ABSTRACT

We present the case of a 45-year-old male patient with sudden painless visual loss in the left eye (OS), diagnosed as nonarteritic anterior ischemic optic neuropathy (NAION). Three months later, a new superior scotoma, accompanied by an inferior optic disc edema, characterized a recurrent episode of NAION in OS. Ambulatory blood pressure monitoring disclosed arterial hypertension, with no pressure drop during sleep. Optical Coherence Tomography showed optic disc drusen. Ipsilateral recurrence of NAION is a rare event. We believe insufficient relief of the “crowding” effect in predisposed optic discs after a sectoral NAION episode is an important risk factor for ipsilateral recurrences.

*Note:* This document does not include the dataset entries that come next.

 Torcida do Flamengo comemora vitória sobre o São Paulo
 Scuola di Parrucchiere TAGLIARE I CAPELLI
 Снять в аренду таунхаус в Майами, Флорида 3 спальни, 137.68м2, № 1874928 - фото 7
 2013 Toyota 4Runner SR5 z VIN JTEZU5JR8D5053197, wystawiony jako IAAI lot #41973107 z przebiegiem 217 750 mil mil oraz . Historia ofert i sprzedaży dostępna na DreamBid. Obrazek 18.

Keywords: Optic neuropathy; Ischemic; Optic disk; Optic disk drusen; Optic nerve diseases; Hypotension.

RESUMO

Apresentamos o caso de um paciente do sexo masculino, 45 anos, com perda visual súbita e indolor no olho esquerdo (OE), diagnosticada como neuropatia óptica isquêmica anterior não arterítica (NOIANA). Três meses depois, novo escotoma superior, acompanhado de edema inferior do disco óptico, caracterizou um episódio recorrente de NOIANA em OE. Monitorização ambulatorial da pressão arterial revelou hipertensão arterial, sem quedas de pressão durante o sono. A tomografia de coerência óptica mostrou drusas de disco óptico. A recorrência ipsilateral de NOIANA é um evento raro. Os autores acreditam que o alívio insuficiente do efeito de “aglomeração”, em discos ópticos predispostos, após um episódio setorial de NOIANA, seja um importante fator de risco para recorrências ipsilaterais.

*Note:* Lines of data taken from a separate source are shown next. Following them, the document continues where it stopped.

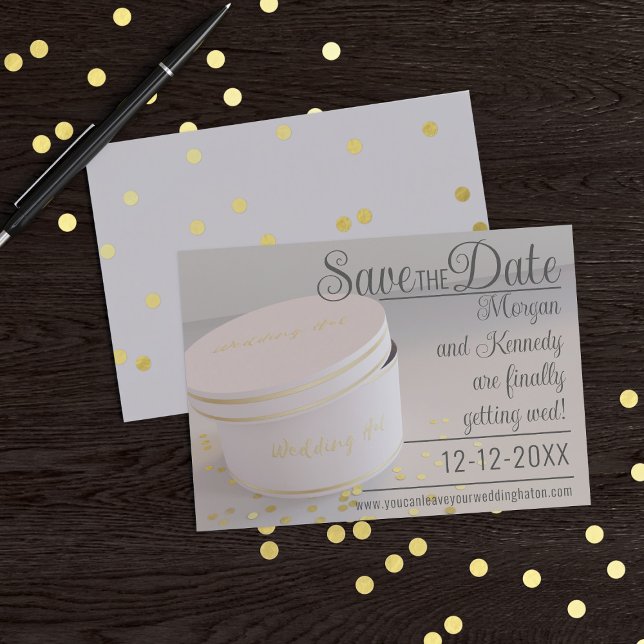 Konfetti bröllop för snabbruta sparar datuminbjuda spara datumet (Add your wedding details to this wedding hat box themed Save the Date)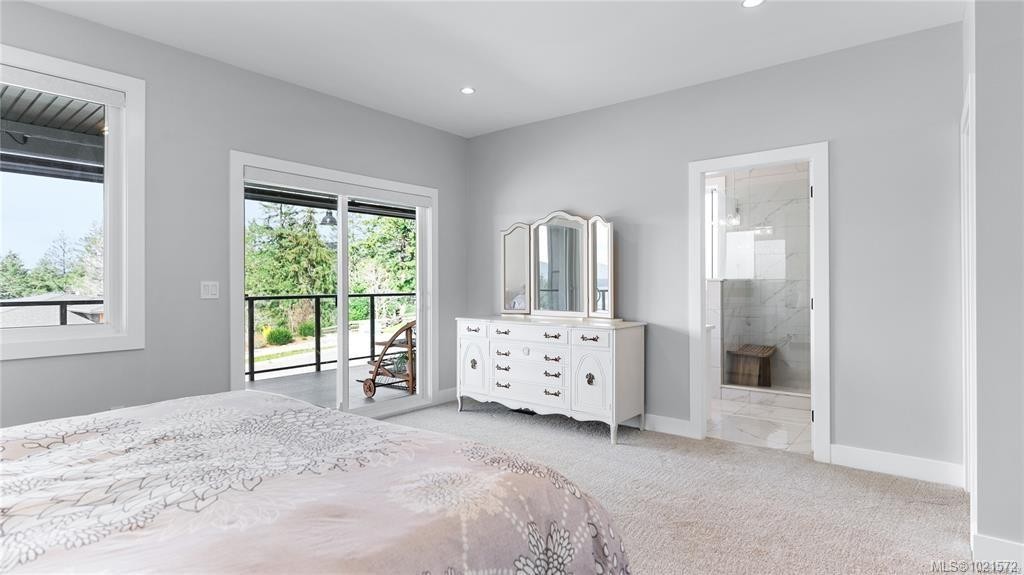 6290 Highwood Dr, Duncan, BC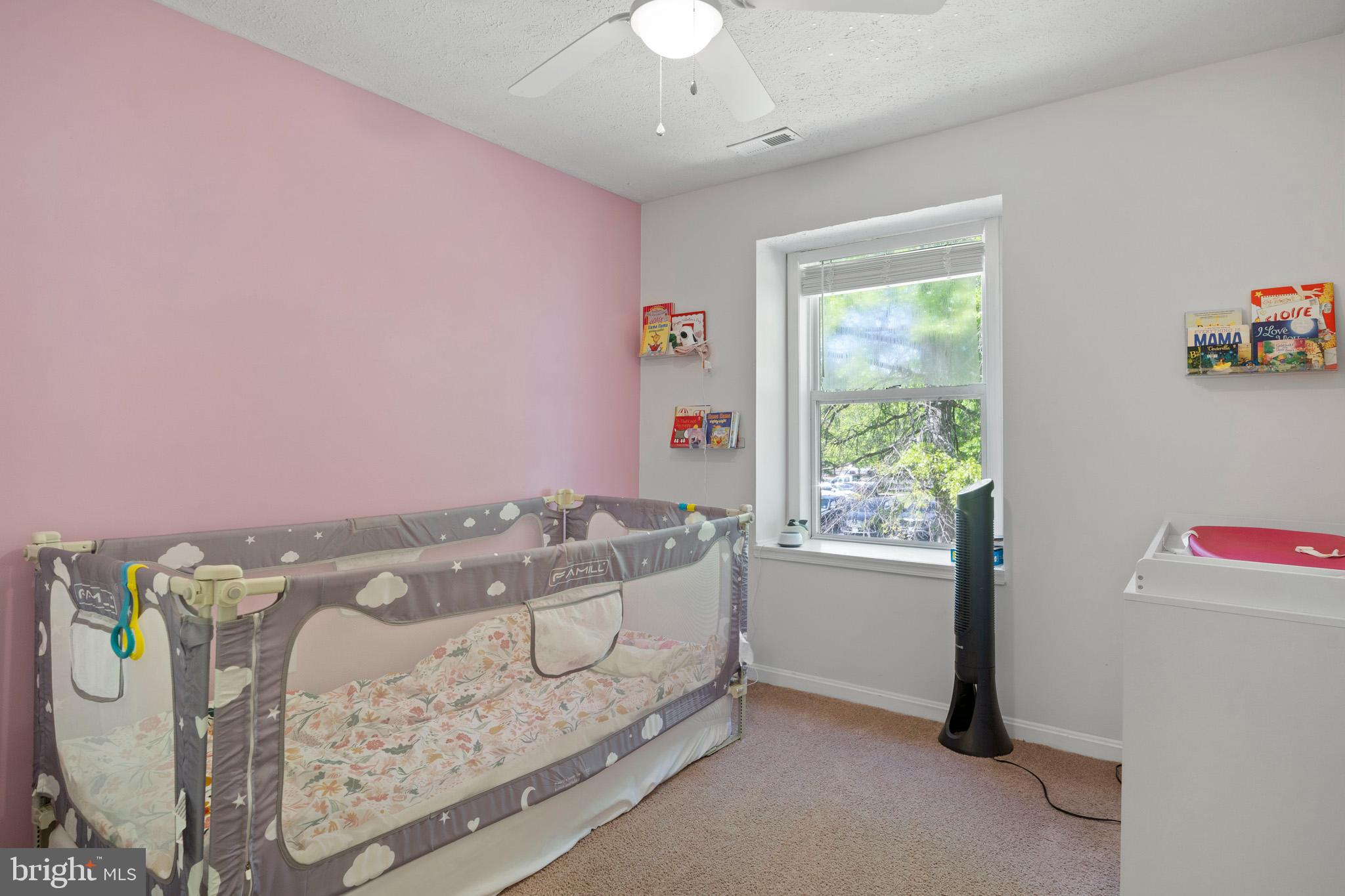 PICKETTS HARBOR - Residential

Palavras-chave: Neuropatia óptica; isquêmica; Disco óptico, drusas no disco óptico; Doenças do nervo óptico; Hipotensão.

INTRODUCTION

Ipsilateral recurrences of nonarteritic anterior ischemic optic neuropathy (NAION) are rare events, with a reported incidence of 3.6-6.4%.(1) Many hypotheses have been set forth to explain these low rates, but the topic remains controversial^1-4. We report a case of recurrent NAION and discuss the pathophysiological mechanisms of the condition.

CASE REPORT

A 45-year-old man reported waking up with painless visual loss in the left eye (OS). Clinical and ophthalmological history was unremarkable. Diabetes, hypertension, dyslipidemia and smoking were denied. Visual acuity (VA) was 20/20 in the right eye (OD) and 20/25 in OS. A relative afferent pupillary defect was evident in OS. Fundoscopy revealed a superior sectoral edema of the optic disc in OS and a crowded optic disc in OD, with a cup-to-disc ratio of 0.2 (Figure 1A). Humphrey 24.2 perimetry revealed an inferior altitudinal defect in OS (Figure 1B), supporting a tentative diagnosis of NAION. Blood pressure was 140 x 90 mmHg.

Figure 1. (A) Fundoscopy of OD, first episode. (B) Fundoscopy of OS, first episode. (C) Visual field of OS, first episode.

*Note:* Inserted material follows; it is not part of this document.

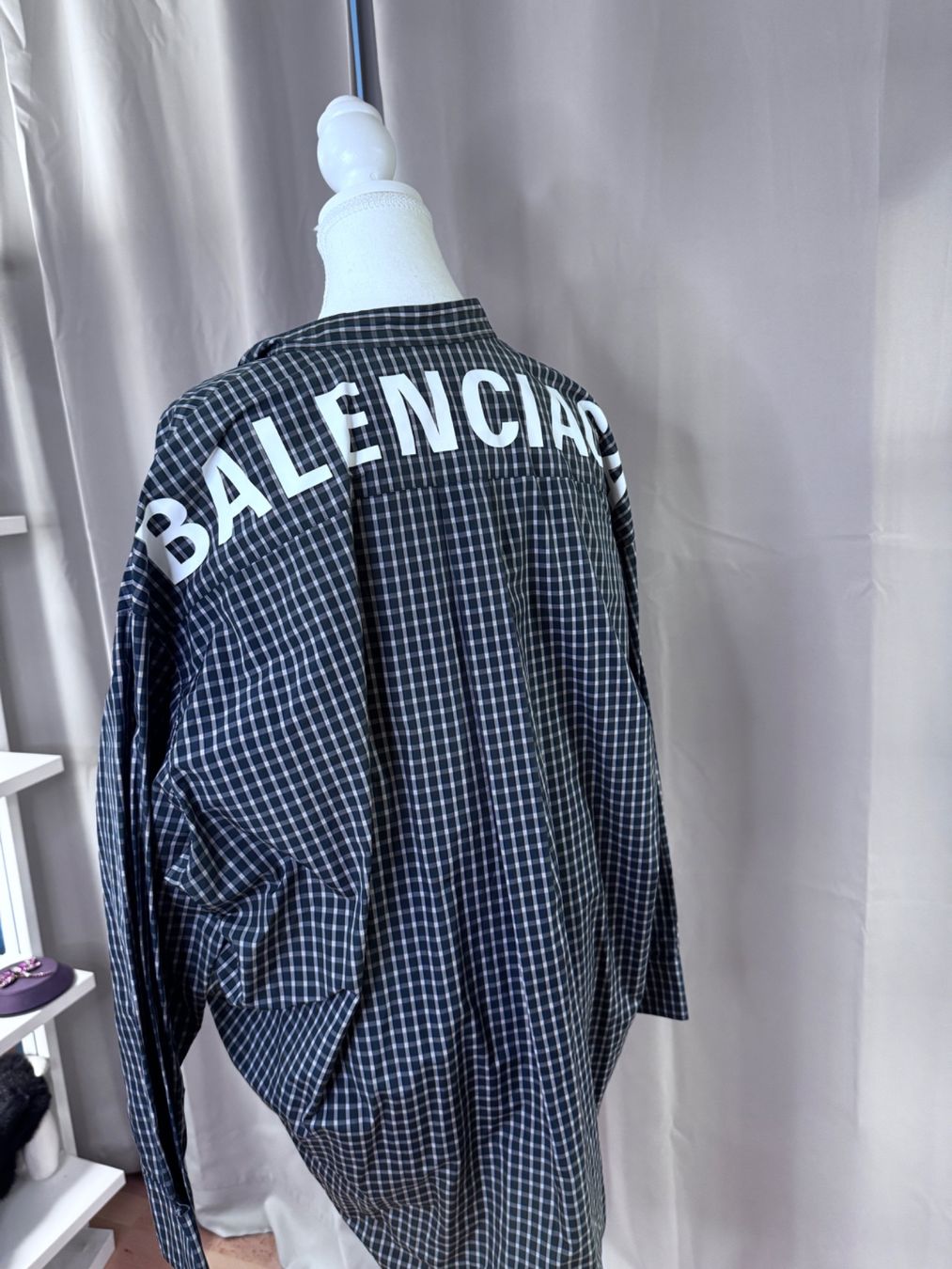 Balenciaga Camicette: Balenciaga Bluse – Usato da St. Moritz venduto da Capricorn88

No changes were seen on magnetic resonance imaging. Blood count, C-reactive protein concentration and erythrocyte sedimentation rate were normal. Myelin oligodendrocyte glycoprotein (MOG) antibodies, aquaporin-4 (AQP4) antibodies, rheumatoid factor, antinuclear antibodies, serum angiotensin-converting enzyme, antineutrophil cytoplasmic antibody, vitamin B12 and serologies for HIV, syphilis, tuberculosis and cat-scratch disease were negative or within reference values. Despite clinical features suggestive of NAION, pulse therapy with methylprednisolone was administered upon prescription by the neurologist. No improvement in VA ensued.

Three months after the initial episode, the patient reported a new sudden visual loss (a superior extension of the scotoma) in the same eye. VA decreased to 20/60 in OS, and an inferior sectoral edema of the left optic nerve was detected on fundoscopy (Figure 2A). On perimetry, a superior paracentral scotoma was observed in OS, in addition to the previous inferior altitudinal defect (Figure 2B). The radiological and laboratory findings were normal. Oral corticosteroid therapy was instituted, but VA remained unchanged.

Figure 2. (A) Fundoscopy of OD, second episode. (B) Fundoscopy of OS, second episode. (C) Visual field of OS, second episode.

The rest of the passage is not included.